Структурно-инвестиционная и макроэкономическая модель перестройки вполне описывалась так называемым законом опережающего роста производства средств производства (и особенно их активной части) над производством предметов потребления.

Речь шла и о необходимости совершенствования системы распределения по труду («закон распределения в соответствии с количеством и качеством труда»), что нашло отражение в относительно ранней либерализации (децентрализации) распределительных механизмов при одновременном резком усилении попыток государственного вмешательства в оценку «справедливости» распределения. Последнее наиболее ярко выразилось в обострившейся полемике относительно существа нетрудовых доходов и роли государства в их элиминировании[14].

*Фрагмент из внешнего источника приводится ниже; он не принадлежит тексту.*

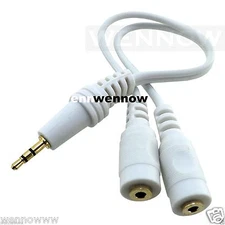 1 Feet  Dual Mini Headphone Jack Adapter 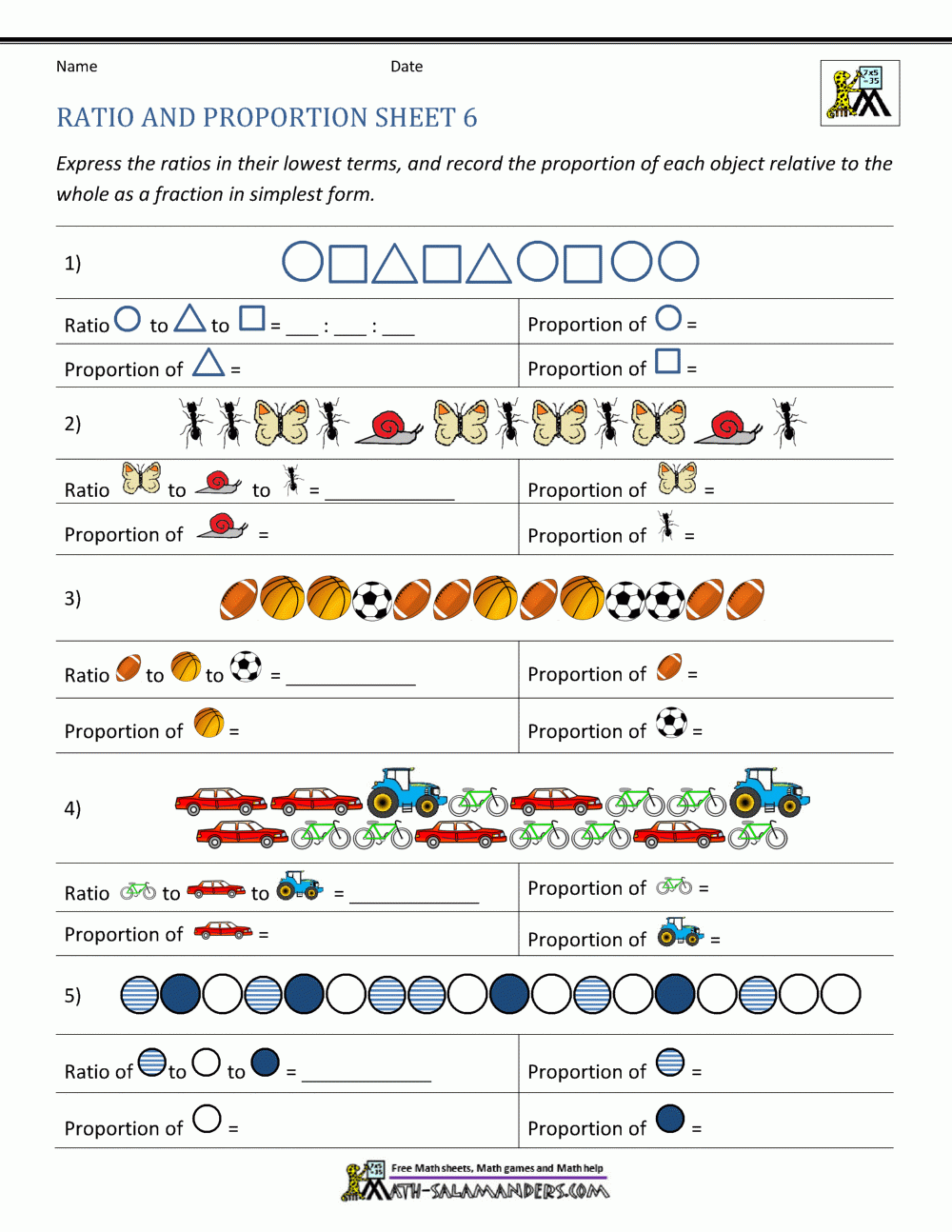 Writing Proportions Worksheets Y6 Ratio And Proportion Worksheet Writing Proportions Worksheets Y6 Ratio And Proportion Worksheet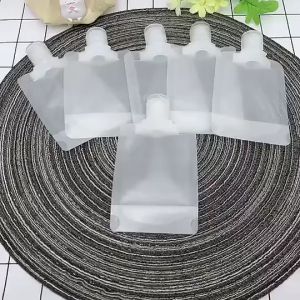 EFHL0555 Travel Pouch Botol Refill Transparan Shower Gel Shampoo Portable Botol Refill Tempat Sabun Cair Travel Plastik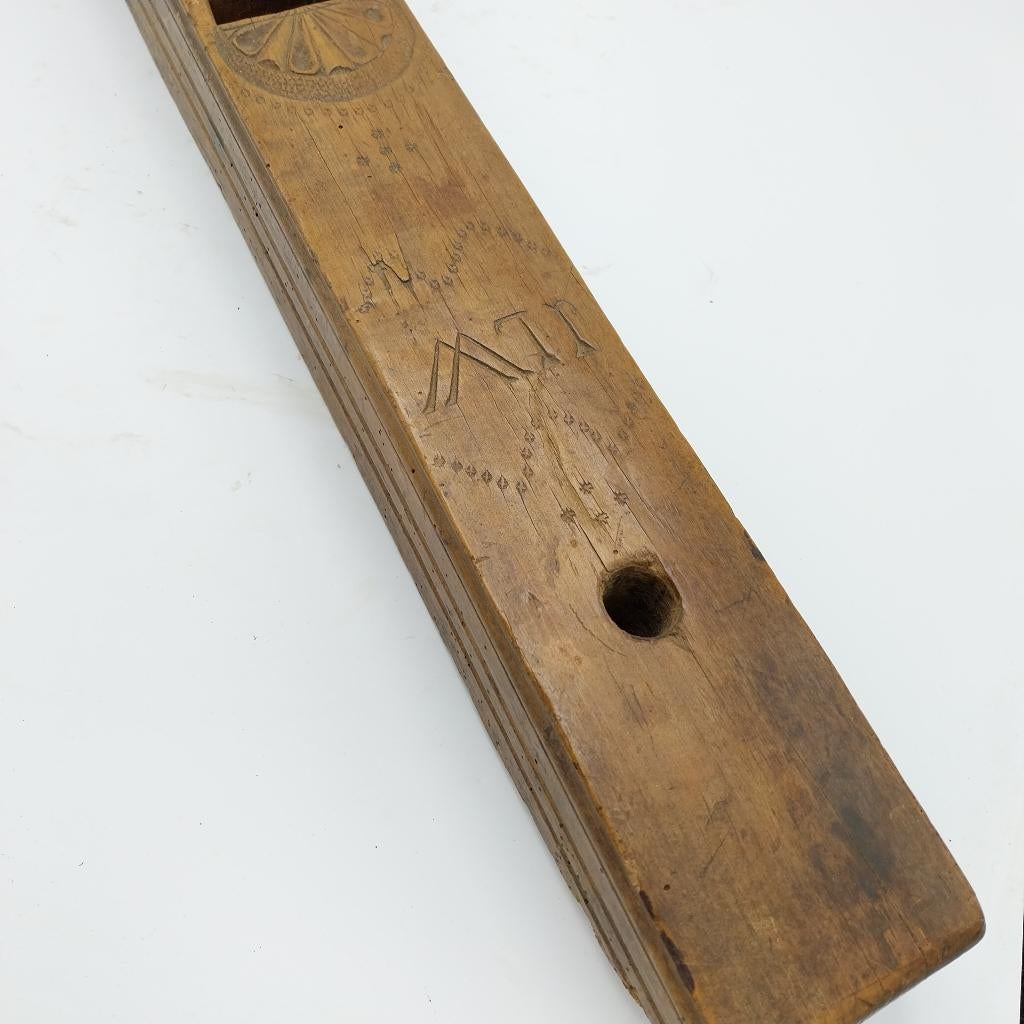 Oude bewerkte reischaaf ( 35888-ML), Ophalen of Verzenden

Наконец, в концептуальных рассуждениях политической элиты непременно присутствовали ссылки на необходимость использования товарно-денежных отношений как важного стимулирующего рычага развития производительных сил. Однако подобные высказывания носили весьма осторожный характер и непременно сопровождались оговорками об изменившейся природе стоимостных механизмов при социализме и о недопустимости при использовании товарно-денежных отношений принижать ведущую роль планового начала.

Впрочем, не политическая экономия социализма как таковая стала основой дальнейшей проработки теоретических основ социально-экономической трансформации. Эту роль взяла на себя теория хозяйственного механизма, которая представляла собой особый раздел политэкономии – раздел, сформировавшийся на рубеже 60 – 70-х годов и вскоре ставший одним из наиболее динамично развивающихся направлений советской экономической науки.

Корни ее восходят к середине 60-х годов. Точнее, к экономической реформе 1965 года, знаменовавшей собой наиболее масштабную доперестроечную попытку усовершенствовать коренным образом социалистическую систему хозяйствования, приспособить ее к современным условиям научно-технической революции. Сама попытка реформы осталась половинчатой и не дала заметных устойчивых результатов. Было ясно, что на этой основе и теория, и практика должны двигаться вперед или возвратиться примерно к исходному состоянию. Экономическая политика вскоре повернула вспять: партийное руководство, сделав несколько шагов по направлению к рынку, не было способно решиться на дальнейшую трансформацию хозяйственной системы, так как понимало неизбежность дополнения экономической либерализации политической. Однако для экономистов-«шестидесятников», выросших на волне широких и откровенных дискуссий тех лет, последующие годы стали временем отработки аргументов и механизмов осуществления будущих хозяйственных преобразований. Поскольку же незыблемость социалистической собственности являлась как бы заранее заданной предпосылкой теоретических спекуляций, реалистически мыслящие экономисты вскоре нашли своеобразную политическую (или идеологическую) нишу: принимая как данность тезис о незыблемости фундаментальных основ социалистической системы и оставляя эти вопросы на откуп идеологизированной ортодоксальной политэкономии (со всеми ее перечисленными выше «законами»), эти экономисты сформулировали вывод о необходимости глубокого «совершенствования хозяйственного механизма» и стали рассматривать последний как самостоятельный объект исследования, который можно анализировать и реформировать, оставляя в стороне вопросы собственности[15]. Это был один из важнейших моментов: согласие на подобный подход давало известную свободу анализа, но и налагало жесткие и потенциально весьма опасные ограничения, которые неизбежно должны были сказаться в будущем.